For example, this method is a method by which a specific target (e.g., a checkerboard or an ArUco marker) is placed in front of LiDAR and camera sensors, and after the target is recognized by the LiDAR and camera sensors, a calibration parameter is calculated to estimate the relative coordinate relationship between the LiDAR and camera.

However, the target-based calibration can be effectively applied only in environments where the above-described sensor initial values are set only once and maintained thereafter. Furthermore, the target-based calibration is inaccurate or unavailable in environments that require real-time calibration, such as autonomous vehicles or UAVs.

In addition, the artificial intelligence model used to compute a calibration parameter in the existing extrinsic calibration method is configured to have high complexity, and thus is not suitable for environments that require real-time calibration.

In addition, the pre-processing of the artificial intelligence model in the existing extrinsic calibration method utilizes 2D or 3D vectors for LiDAR-generated point cloud, thereby slowing down the computation speed. Therefore, the existing extrinsic calibration method is not suitable for environments requiring real-time calibration.

Hereinafter, reference will be made in detail to exemplary embodiments of the present disclosure, examples of which are illustrated in the accompanying drawings and described below, and wherever possible, the same or similar elements will be denoted by the same reference numerals even though they are depicted in different drawings and a redundant description thereof will thus be omitted. In the following description of the embodiments, suffixes, such as “module”, and “part”, are provided or used interchangeably merely in consideration of ease in statement of the specification, and do not have meanings or functions distinguished from one another. In the following description of the embodiments of the present disclosure, a detailed description of known functions and configurations incorporated herein will be omitted when it may make the subject matter of the present disclosure rather unclear. Further, the accompanying drawings will be exemplarily given to describe the embodiments of the present disclosure, and should not be construed as being limited to the embodiments set forth herein, and it will be understood that the embodiments of the present disclosure are provided only to completely disclose the disclosure and cover modifications, equivalents or alternatives which come within the scope and technical range of the disclosure.

In the following description of the embodiments, terms, such as “first” and “second”, are used only to describe various elements, and these elements should not be construed as being limited by these terms. These terms are used only to distinguish one element from other elements.

When an element or layer is referred to as being “connected to” or “coupled to” another element or layer, it may be directly connected or coupled to the other element or layer, or intervening elements or layers may be present. In contrast, when an element or layer is referred to as being “directly connected to” or “directly coupled to” another element or layer, there may be no intervening elements or layers present.

Firstly, to further describe the above-mentioned extrinsic calibration, the extrinsic calibration involves precisely defining the relative position and direction of each of multiple sensors (e.g., cameras, LiDARs, IMUs, etc.) constituting one device or system so that the multiple sensors can interact with each other.

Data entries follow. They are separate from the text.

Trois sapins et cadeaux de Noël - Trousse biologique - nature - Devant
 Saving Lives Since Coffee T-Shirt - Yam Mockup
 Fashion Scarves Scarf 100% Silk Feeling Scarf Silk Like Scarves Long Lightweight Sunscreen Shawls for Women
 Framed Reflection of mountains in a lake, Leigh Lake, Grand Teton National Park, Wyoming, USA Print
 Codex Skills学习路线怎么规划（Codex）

Through this, data recorded in different coordinate systems measured by each sensor may be integrated, thereby enabling the aforementioned device or system to use accurate information.

More specifically, the extrinsic calibration may be used to derive an extrinsic calibration parameter necessary for converting data measured by one sensor into the coordinate system of another sensor.

For example, a camera may collect 3D information of a surrounding environment and project the 3D information onto an image plane as 2D image information, while a LiDAR may collect 3D information of the surrounding environment and produce a point cloud with 3D coordinates. Therefore, when an extrinsic calibration parameter, which reflects the relative position and direction of the camera and the LiDAR, is derived and applied using the extrinsic calibration, data having different coordinate systems may be integrated.

The extrinsic calibration parameter may include two main elements: a rotation matrix, which represents the relative rotational relationship between the sensors, and a translation vector, which represents the relative position of the sensors.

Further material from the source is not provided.